Thanks for this jcx.

For even more fun, have a look at Otala's papers on the subject .. bits of which I believe are in Bob & Doug's books. Even funkier waveforms and higher peak currents.

Now will someone dig up a music waveform (even modern 'music' !!??) that even approximates to this and triggers this behaviour?
_____________________

rayma, I'm very aware of the difference between instantaneous and average current. Indeed I took a lot of trouble to be able to monitor instantaneous currents demanded by speakers in my experiments on this subject.

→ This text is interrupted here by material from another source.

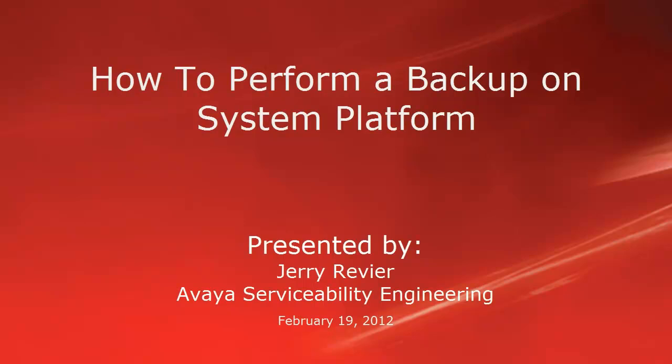Greetings. This is Jerry Revere of the Avaya Serviceability Engineering Team. Today we're going to be talking about System Platform Backup and why it's important to you.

You might also like to throw in the fact that speakers, including their impedance, are NOT linear time-invariant. It's just convenient for us to assume this .. eg to determine the maximum current required in non-fault conditions.

I have yet to fault this particular use of the assumed linear time invariant impedance curve.

In fault conditions, the priorities change .. and my instantaneous current monitor shows what happens.

This is how I can say I know of only one real life case where the (instantaneous :D ) current demanded exceeds that calculated from the impedance curve. I've looked for and observed this in real life.

If anyone else has seen the other species of this unicorn in the flesh, or even a paper that purports to have seen it .. rather than theorize it can happen .. please speak up.
___________________

BTW, please don't think I'm dissing these claims. I'm REALLY interested in EVIDENCE that this happens. I'm just trying to dig up FACTS rather than supposition and half baked theories.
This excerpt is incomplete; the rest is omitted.